Brief descriptive captions:

************

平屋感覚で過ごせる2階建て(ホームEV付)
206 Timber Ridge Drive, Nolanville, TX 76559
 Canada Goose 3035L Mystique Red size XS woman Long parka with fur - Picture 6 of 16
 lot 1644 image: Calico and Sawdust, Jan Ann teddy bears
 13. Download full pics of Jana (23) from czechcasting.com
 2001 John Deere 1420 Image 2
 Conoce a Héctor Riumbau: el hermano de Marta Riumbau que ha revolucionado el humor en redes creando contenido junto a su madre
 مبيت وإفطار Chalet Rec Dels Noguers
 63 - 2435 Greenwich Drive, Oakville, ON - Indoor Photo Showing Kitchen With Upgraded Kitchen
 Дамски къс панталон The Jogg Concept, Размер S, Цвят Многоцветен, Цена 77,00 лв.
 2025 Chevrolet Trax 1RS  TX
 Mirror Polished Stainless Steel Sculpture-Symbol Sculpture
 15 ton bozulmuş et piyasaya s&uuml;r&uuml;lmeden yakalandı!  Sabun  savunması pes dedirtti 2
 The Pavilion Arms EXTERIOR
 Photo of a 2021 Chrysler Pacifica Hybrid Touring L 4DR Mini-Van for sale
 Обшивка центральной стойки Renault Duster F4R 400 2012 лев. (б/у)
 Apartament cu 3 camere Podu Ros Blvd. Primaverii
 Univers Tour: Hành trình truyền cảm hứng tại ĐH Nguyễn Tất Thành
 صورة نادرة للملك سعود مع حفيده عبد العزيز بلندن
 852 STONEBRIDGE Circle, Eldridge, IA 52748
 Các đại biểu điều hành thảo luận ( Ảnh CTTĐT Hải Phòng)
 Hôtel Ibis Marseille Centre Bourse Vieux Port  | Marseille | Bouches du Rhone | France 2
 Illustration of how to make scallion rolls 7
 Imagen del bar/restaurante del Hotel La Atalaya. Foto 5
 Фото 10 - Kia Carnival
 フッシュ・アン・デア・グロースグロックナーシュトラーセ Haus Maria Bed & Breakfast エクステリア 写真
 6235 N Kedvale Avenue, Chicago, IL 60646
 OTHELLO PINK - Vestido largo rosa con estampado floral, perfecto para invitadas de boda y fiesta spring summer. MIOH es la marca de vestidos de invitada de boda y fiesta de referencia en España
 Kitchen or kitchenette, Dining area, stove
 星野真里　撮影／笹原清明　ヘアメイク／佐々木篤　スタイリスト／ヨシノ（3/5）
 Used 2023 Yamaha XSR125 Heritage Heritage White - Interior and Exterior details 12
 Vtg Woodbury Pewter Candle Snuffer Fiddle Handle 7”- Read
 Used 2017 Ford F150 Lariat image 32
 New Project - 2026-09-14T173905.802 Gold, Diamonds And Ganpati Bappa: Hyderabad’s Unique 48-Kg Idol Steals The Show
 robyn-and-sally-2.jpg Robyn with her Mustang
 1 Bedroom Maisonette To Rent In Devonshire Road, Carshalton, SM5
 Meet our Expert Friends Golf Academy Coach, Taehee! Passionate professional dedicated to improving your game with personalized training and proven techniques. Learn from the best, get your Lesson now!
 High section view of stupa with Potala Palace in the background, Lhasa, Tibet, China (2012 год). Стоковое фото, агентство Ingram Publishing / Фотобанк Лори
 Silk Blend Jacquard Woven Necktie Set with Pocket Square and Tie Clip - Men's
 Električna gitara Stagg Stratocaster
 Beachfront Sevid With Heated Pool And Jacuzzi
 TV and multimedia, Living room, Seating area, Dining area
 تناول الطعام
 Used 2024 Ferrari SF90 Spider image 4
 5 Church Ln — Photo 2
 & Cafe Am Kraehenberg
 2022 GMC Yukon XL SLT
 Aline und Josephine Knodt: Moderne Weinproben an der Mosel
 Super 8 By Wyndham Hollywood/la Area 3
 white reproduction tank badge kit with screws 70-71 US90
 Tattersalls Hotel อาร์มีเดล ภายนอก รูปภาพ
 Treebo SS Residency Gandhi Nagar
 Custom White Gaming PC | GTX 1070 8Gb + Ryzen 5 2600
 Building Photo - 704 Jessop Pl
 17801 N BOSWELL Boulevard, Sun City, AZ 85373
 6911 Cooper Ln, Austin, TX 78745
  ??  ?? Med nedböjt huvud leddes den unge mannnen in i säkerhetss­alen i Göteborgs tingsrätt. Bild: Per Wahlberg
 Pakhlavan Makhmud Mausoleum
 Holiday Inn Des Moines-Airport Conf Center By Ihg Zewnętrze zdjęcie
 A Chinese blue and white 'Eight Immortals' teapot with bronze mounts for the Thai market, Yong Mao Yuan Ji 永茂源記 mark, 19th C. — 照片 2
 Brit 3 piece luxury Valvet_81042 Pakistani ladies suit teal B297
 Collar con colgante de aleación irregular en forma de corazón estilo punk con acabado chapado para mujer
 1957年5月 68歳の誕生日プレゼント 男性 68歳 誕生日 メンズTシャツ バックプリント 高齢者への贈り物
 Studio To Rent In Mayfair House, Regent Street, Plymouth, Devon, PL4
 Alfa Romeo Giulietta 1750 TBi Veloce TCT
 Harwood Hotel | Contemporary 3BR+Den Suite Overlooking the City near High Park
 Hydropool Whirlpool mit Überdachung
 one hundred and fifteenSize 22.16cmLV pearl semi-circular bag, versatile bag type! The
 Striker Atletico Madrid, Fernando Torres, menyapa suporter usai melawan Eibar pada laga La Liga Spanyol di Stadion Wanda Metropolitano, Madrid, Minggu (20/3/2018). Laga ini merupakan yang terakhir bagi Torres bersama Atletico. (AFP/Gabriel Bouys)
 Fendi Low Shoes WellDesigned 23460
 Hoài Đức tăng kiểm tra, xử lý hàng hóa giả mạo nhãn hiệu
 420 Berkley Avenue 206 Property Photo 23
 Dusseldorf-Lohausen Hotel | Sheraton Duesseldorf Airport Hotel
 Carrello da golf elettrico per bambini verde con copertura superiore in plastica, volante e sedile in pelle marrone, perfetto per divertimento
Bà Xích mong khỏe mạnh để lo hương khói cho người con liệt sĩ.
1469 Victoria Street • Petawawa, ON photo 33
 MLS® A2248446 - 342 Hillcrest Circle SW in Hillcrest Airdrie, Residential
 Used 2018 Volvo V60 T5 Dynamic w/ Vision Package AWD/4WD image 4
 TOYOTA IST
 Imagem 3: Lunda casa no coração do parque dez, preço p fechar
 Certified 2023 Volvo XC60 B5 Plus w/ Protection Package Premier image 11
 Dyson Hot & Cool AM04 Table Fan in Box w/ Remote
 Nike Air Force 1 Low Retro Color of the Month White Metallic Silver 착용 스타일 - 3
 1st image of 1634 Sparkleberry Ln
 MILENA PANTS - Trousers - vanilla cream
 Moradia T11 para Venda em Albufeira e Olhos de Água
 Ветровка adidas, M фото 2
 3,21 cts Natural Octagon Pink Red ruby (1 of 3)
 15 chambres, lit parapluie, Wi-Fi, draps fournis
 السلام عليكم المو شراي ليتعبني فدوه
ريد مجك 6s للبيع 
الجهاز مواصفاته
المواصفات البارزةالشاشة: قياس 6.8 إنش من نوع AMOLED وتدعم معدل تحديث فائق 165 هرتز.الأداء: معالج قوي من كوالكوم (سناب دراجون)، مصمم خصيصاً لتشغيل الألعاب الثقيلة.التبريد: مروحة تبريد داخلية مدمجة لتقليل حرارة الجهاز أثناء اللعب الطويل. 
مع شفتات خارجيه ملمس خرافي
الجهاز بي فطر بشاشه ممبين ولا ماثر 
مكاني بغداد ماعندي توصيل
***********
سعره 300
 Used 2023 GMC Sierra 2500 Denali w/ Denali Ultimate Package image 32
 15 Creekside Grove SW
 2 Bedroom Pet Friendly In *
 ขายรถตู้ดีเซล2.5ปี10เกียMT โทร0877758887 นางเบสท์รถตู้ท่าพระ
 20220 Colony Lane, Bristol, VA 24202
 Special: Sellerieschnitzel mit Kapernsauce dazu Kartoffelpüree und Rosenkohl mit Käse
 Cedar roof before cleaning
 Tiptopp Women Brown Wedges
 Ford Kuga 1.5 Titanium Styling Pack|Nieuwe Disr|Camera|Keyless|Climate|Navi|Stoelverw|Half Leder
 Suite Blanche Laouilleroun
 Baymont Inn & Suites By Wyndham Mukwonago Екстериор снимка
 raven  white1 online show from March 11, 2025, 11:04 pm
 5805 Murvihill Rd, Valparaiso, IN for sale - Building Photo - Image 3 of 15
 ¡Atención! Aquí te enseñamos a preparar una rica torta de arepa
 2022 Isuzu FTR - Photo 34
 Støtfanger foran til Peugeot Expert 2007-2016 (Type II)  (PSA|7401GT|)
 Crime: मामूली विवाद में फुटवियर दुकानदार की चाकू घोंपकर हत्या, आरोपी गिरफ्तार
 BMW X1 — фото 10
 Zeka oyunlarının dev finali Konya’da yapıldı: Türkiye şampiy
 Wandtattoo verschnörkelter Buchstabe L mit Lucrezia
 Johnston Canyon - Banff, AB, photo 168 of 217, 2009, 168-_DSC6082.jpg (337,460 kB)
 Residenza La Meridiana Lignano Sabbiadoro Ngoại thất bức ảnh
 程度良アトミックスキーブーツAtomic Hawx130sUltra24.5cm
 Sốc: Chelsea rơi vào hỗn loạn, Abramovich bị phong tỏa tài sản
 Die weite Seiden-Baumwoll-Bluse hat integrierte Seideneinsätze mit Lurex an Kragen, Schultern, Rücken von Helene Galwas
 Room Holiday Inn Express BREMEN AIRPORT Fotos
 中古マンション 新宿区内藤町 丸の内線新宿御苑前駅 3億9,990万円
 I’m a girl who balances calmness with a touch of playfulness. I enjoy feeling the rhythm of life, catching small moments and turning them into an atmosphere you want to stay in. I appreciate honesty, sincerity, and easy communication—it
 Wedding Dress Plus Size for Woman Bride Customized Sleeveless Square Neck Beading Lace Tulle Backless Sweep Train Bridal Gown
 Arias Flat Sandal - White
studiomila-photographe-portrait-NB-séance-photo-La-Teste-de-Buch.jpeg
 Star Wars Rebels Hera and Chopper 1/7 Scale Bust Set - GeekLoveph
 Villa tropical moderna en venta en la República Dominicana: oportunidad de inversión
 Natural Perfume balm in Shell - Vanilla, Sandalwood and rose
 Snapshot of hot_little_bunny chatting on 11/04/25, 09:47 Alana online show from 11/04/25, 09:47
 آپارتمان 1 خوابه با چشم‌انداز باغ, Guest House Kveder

************

Among the records above, repeat exactly the line with "السلام عليكم المو شراي ليتعبني فدوه", the line with "مع شفتات خارجيه ملمس خرافي", and every line in between, and only those.

### ANSWER TO THE EXERCISE
 السلام عليكم المو شراي ليتعبني فدوه
ريد مجك 6s للبيع 
الجهاز مواصفاته
المواصفات البارزةالشاشة: قياس 6.8 إنش من نوع AMOLED وتدعم معدل تحديث فائق 165 هرتز.الأداء: معالج قوي من كوالكوم (سناب دراجون)، مصمم خصيصاً لتشغيل الألعاب الثقيلة.التبريد: مروحة تبريد داخلية مدمجة لتقليل حرارة الجهاز أثناء اللعب الطويل. 
مع شفتات خارجيه ملمس خرافي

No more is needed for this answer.